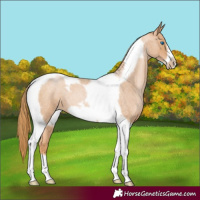 Horse Color:Red Roan Pearl Tobiano Frame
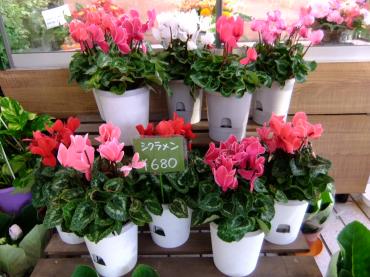 こんなに暑くて大丈夫だろうか｜「ポピー」　（京都府八幡市の花キューピット加盟店 花屋）のブログ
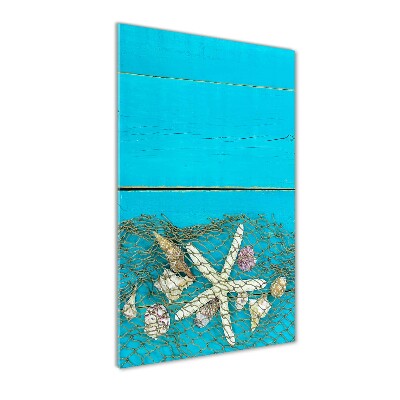 Glass picture wall art Shells and starfish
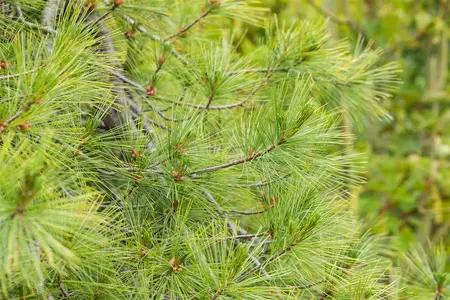 Pinus strobus 'Pendula' - 175-200 CM 45 L - image 1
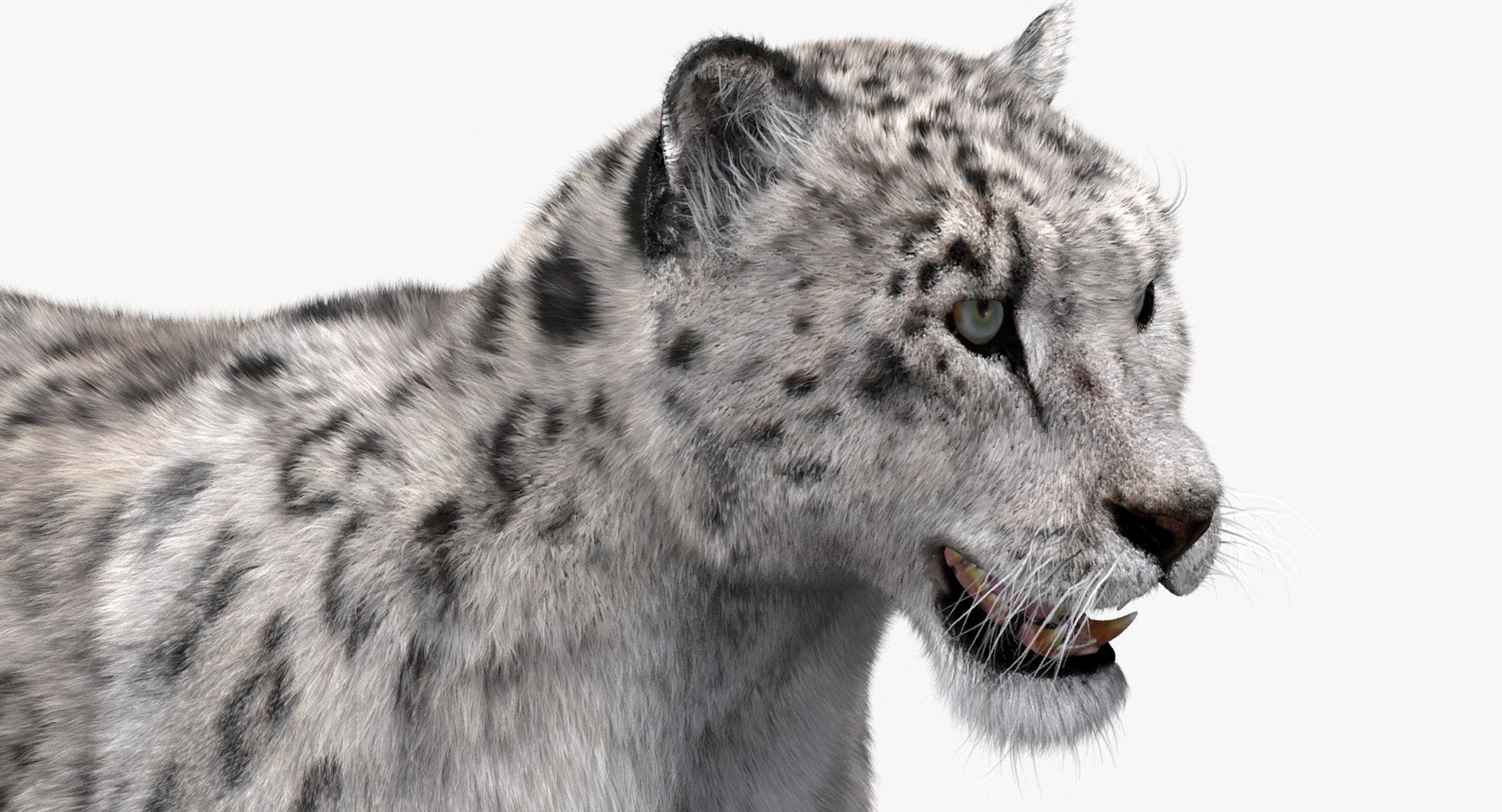 Snow Leopard 3D Model with Fur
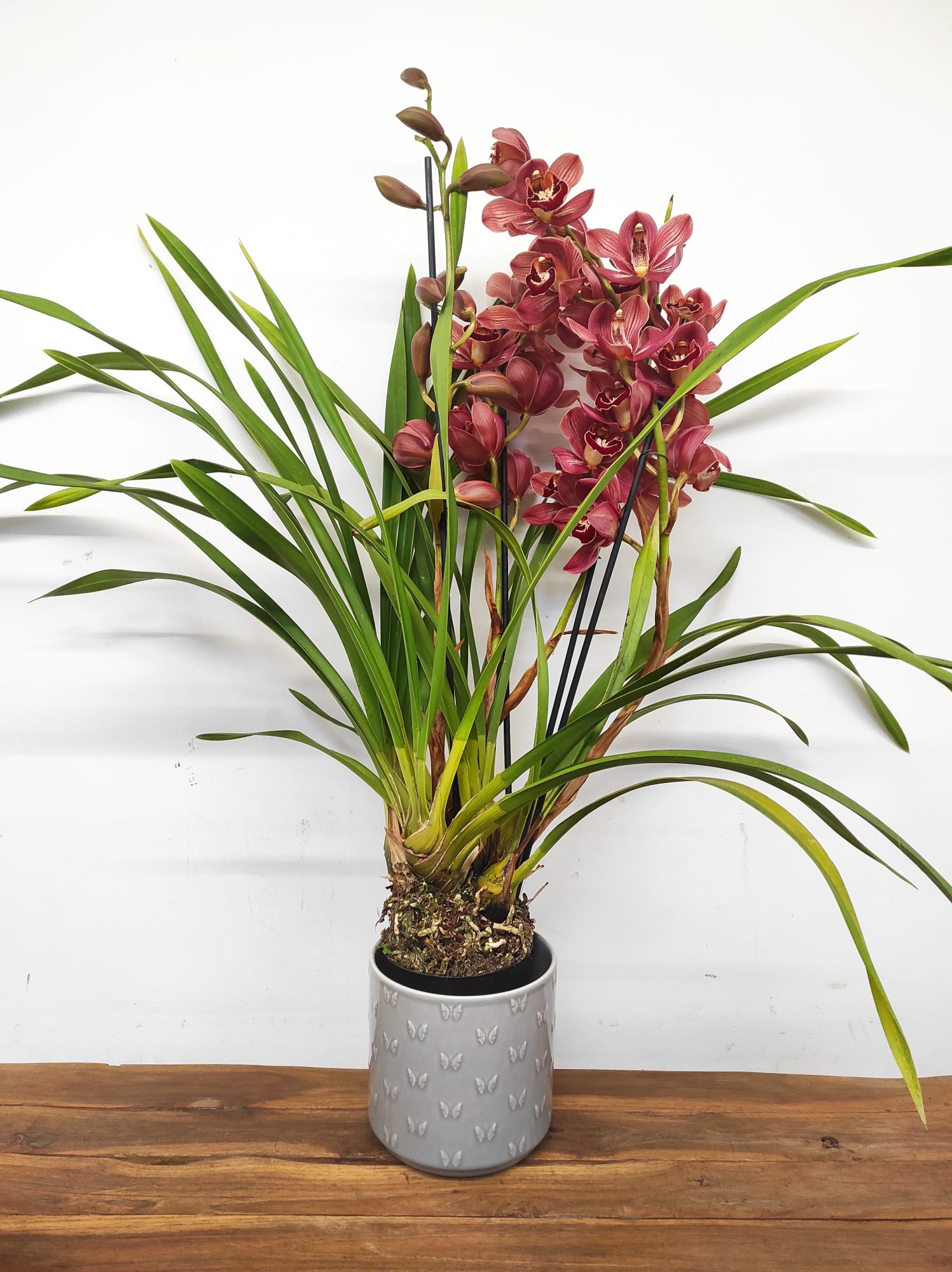 Cymbidium Especial - Image 2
============================================================
## TRY IT
Take the line with "Glass picture wall art Shells and starfish" and each line after it through the end of the material above, and reproduce them exactly, without the pictures.

## PROBLEM SOLUTION
 Glass picture wall art Shells and starfish
 Pinus strobus 'Pendula' - 175-200 CM 45 L - image 1
 Snow Leopard 3D Model with Fur
 Cymbidium Especial - Image 2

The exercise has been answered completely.